Howe’s blueprint worked spectacularly well last season. The amendment to it this year seems simply to entail more of the same. And yet that created an issue itself. In all three games so far, Anthony Gordon has come off for Harvey Barnes. It speaks to a strategy, to exhaust right-backs with one high-speed runner and then replace him with another. It worked perfectly against Villa, with Barnes coming off the bench to score and assist. It was necessitated at City, with Gordon on the brink of a red card when he went off. Arguably, though, it backfired against Liverpool: Gordon was the game’s outstanding player and Trent Alexander-Arnold presumably relieved to see his fellow Scouser depart. Gordon and Barnes may have a job-share, but it doesn’t mean they have to share the minutes every match. As Klopp’s changes made Liverpool better, Howe’s made Newcastle worse.

Eddie Howe gestures on the touchline during the defeat
— (Action Images via Reuters)

It highlights a wider issue: Newcastle needed more players, now possess greater strength in depth and Howe has to rotate more. But he also needs to know when not to change: nor did Newcastle benefit from removing Joelinton and Sandro Tonali on Sunday. Meanwhile, Bruno Guimaraes, who has been below par at the start of the campaign, stayed on and gave the ball away for Darwin Nunez’s winner. If substitutions for the sake of it scarcely worked, Newcastle face the challenge of keeping the same chemistry from different combinations of players, particularly when the Champions League starts.

And if Newcastle seemed to have covered most bases in their summer recruitment drive, the one gap appeared to be at centre-back, where there was a lack of quality alternatives to Fabian Schar and Sven Botman.

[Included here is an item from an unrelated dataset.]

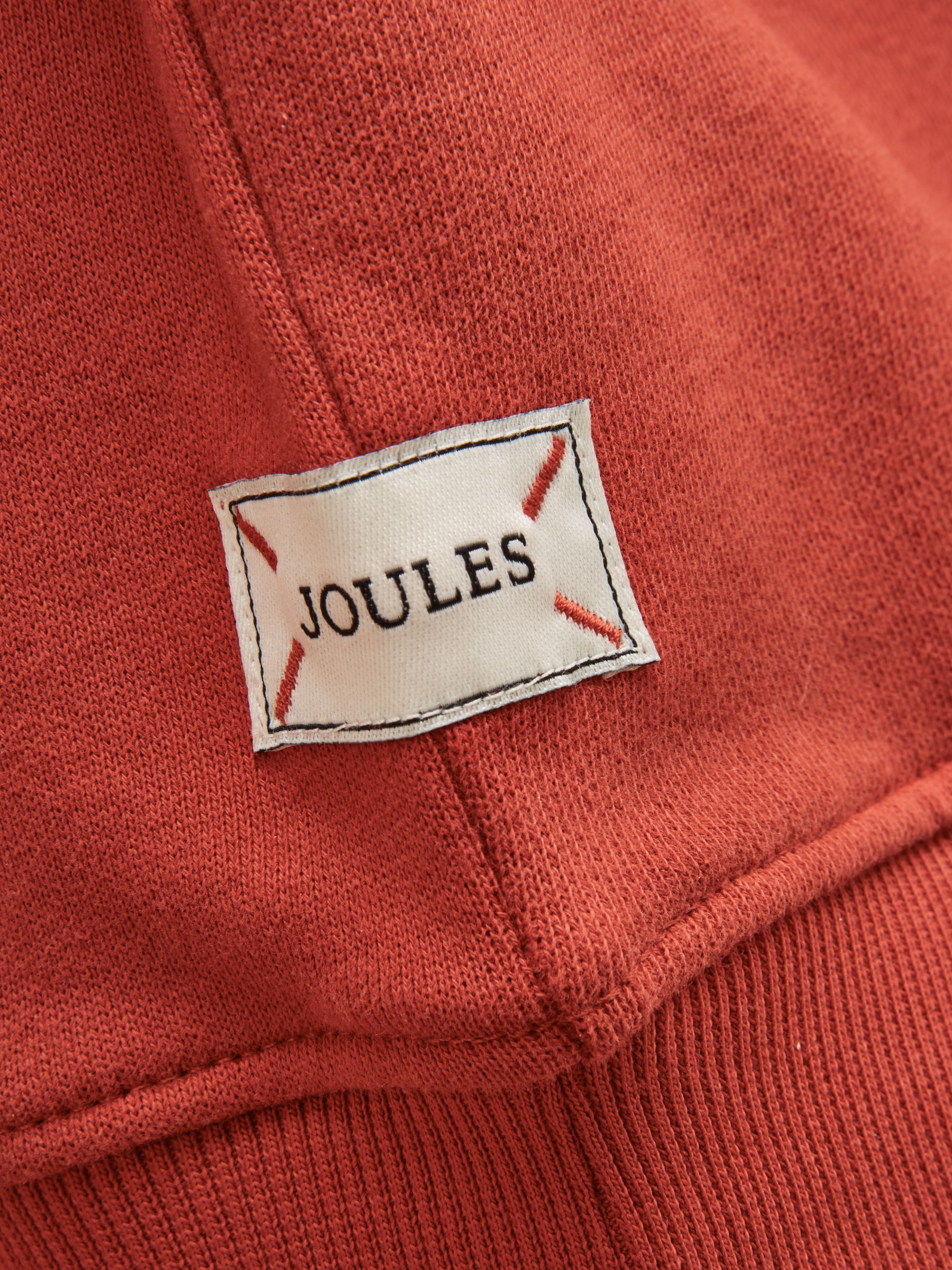 Kids' Sundaze Rust Red Slogan Crew Neck Sweatshirt - Image 5 of 5 Kids' Sundaze Rust Red Slogan Crew Neck Sweatshirt - Image 5 of 5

And then the Dutchman limped off against Liverpool.

No team conceded fewer Premier League goals last year than Newcastle, yet it will be hard to be as frugal with a combination of Schar and either Dan Burn or Jamaal Lascelles; indeed, perhaps Burn could have done better for Nunez’s decider. Their defensive additions this summer have been youthful full-backs, in Lewis Hall and Tino Livramento. Now a club with only two clean sheets in 23 games must determine whether, and if they can afford, to pursue a central defender now.

All of which brings a shift in feel after the euphoria the evisceration of Villa generated. Newcastle’s recent failings have come within the context of vast, swift improvement: too unambitious against City, not streetwise enough against Liverpool, not seizing the moment in either game. They can note the precedent from last season, when they were condemned to defeat in injury-time by Liverpool and responded with a 17-game unbeaten run. They have a better pool of players now but they may need better decisions, on and off the pitch, than those taken in the last two matches.